# Found a baby today



## CGKeith (Mar 3, 2013)

What a surprise! I found this little one in my outdoor enclosure (Syrian (golden) Greek). Just a solo, I couldn't find any others and couldn't find anyplace it could have come out of the ground.

My first baby of the year.


----------



## MasterOogway (Mar 3, 2013)

That is a beautiful baby ! Golden Greeks are so beautiful . My camera can never capture all that beautiful color . I hope you find more


----------



## oscar (Mar 3, 2013)

Wow what a find, it is really a beauty and looks so healthy.


----------



## JeffG (Mar 3, 2013)

Oh geez congratulations! From the title I though you meant in a Walmart parking lot or something. I'm relieved.


----------



## laney (Mar 3, 2013)

Yay congrats


----------



## kathyth (Mar 3, 2013)

What a great surprise.
So darn cute!


----------



## tortoiselover518 (Mar 3, 2013)

Awesome find! Are you planning on raising it? Male or female?


----------



## Laurie (Mar 3, 2013)

That's awesome, congratulations!


----------



## CGKeith (Mar 3, 2013)

RulerOfAllTortoises said:


> Awesome find! Are you planning on raising it? Male or female?

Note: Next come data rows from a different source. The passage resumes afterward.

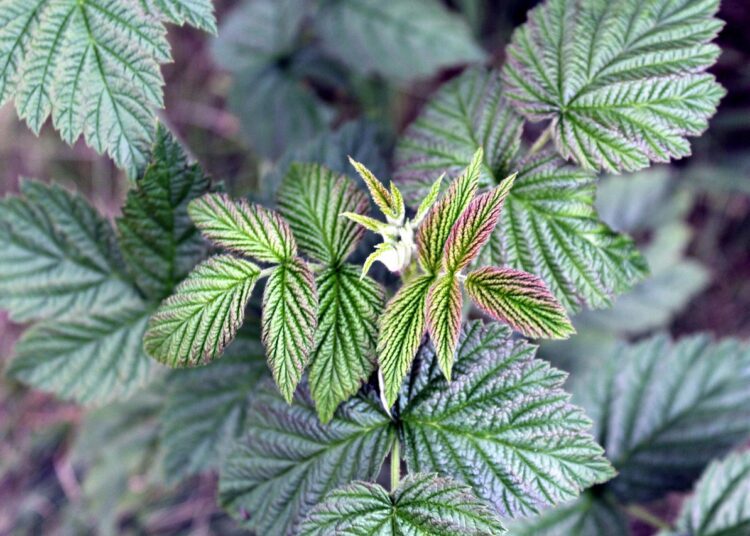 raspberry leaves 2704229 1280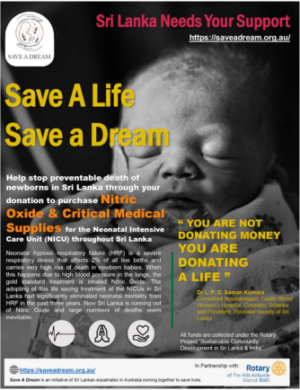 Save A Dream 2022 End of Year Report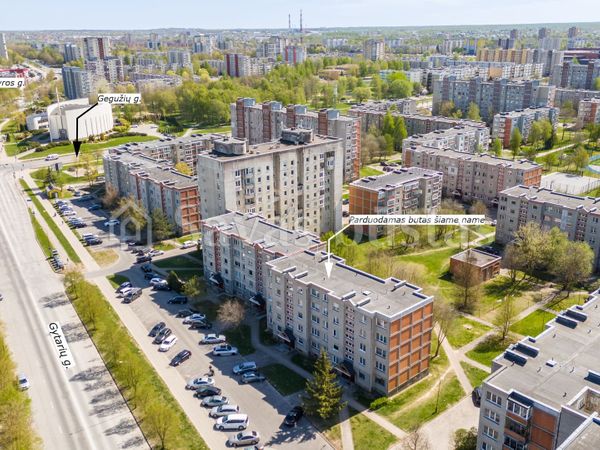 Šiauliai, Dainai
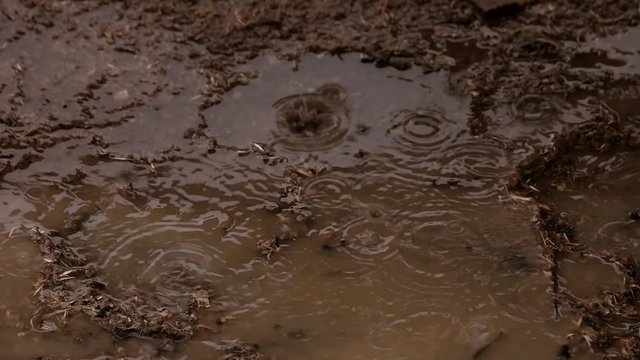 Brown dirty ground puddle with raindrops. Close up drops falling into liquid. Slow motion.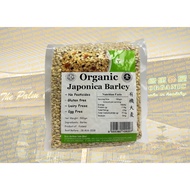 Organic Japonica Barley Organic Barley 500g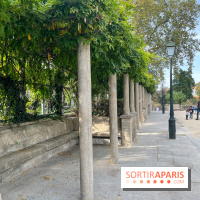 Le Square Marcel Bleustein Blanchet, dit de la Turlure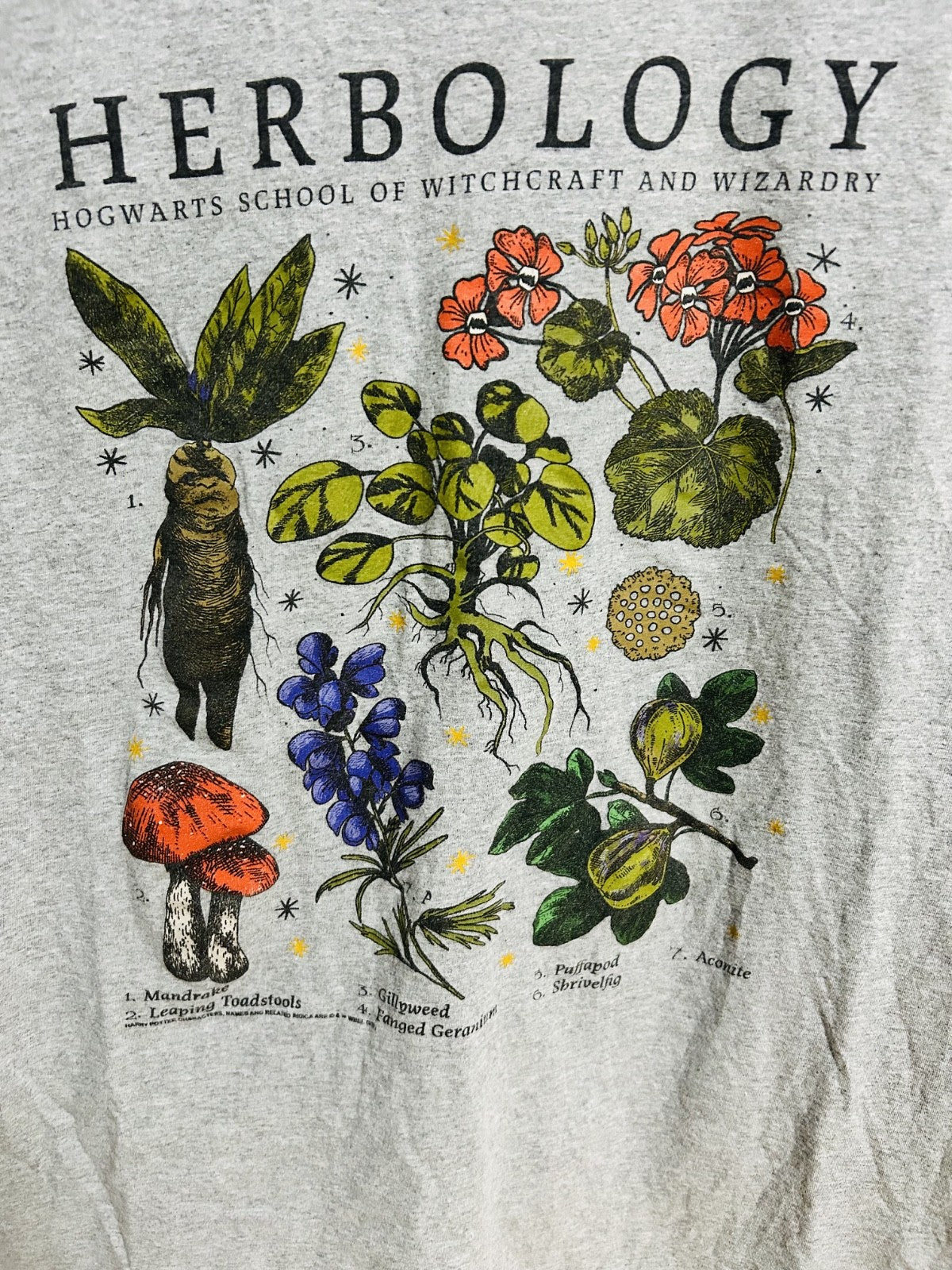 Harry Potter Herbology Hogwarts Graphic T-Shirt Gray Adult Medium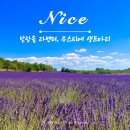프랑스 남부 니스 여행 | 근교 발랑솔, 무스티에 생트마리 투어 추천 후기, 라벤더 절정 시기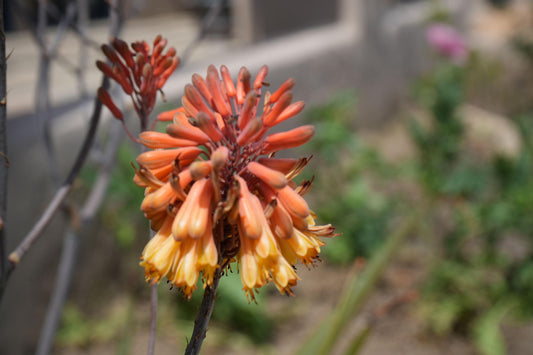Aloe camperi: Desert Beauty, Yellow Orange Flower Succulent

No not keeping, it will probably be available for sale in a couple of weeks once I see that it is eating good and getting along ok.

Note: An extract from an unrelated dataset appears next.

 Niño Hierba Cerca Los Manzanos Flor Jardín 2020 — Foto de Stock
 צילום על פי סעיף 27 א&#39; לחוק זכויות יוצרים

Won't know about the sex for 2 - 3 yrs in most cases.


----------



## Arizona Sulcata (Mar 3, 2013)

What a great find!


----------



## immayo (Mar 3, 2013)

Such a little cutie!!


----------



## mctlong (Mar 3, 2013)

What a great surprise!


----------



## Kirin (Mar 3, 2013)

Super Cute! I Love It!


----------



## kanalomele (Mar 3, 2013)

Great find!


----------



## MechanicMatt (Mar 3, 2013)

How freaking adorable! So cute!!


----------



## Tom (Mar 3, 2013)

Gorgeous baby. What does the umbilical scar look like? Wonder if it was a summer baby from last year that is just now emerging from its winter slumber.


----------



## terryo (Mar 3, 2013)

OMG! That itty bitty is adorable.


----------



## Char (Mar 3, 2013)

Such a cutie...


----------



## CGKeith (Mar 3, 2013)

Tom said:


> Gorgeous baby. What does the umbilical scar look like? Wonder if it was a summer baby from last year that is just now emerging from its winter slumber.



I'll take a look at it tomorrow.

It does still have the egg tooth and is still a little bit "out of round". The picture of it from the top looking down you can see a little bit on the front left.

That makes me think it is a fairly recent hatch.


----------



## Phobi (Mar 3, 2013)

Oh my! what a trooper I hope their are more to come


----------



## sissyofone (Mar 3, 2013)

That sure is a cute baby ya got there ..


----------



## pugsandkids (Mar 3, 2013)

Such a neat treasure to find!


----------



## sibi (Mar 3, 2013)

If only I could find that in my backyard


----------



## cemmons12 (Mar 3, 2013)

That is a real beauty!


----------



## AZtortMom (Mar 4, 2013)

Awwww!


----------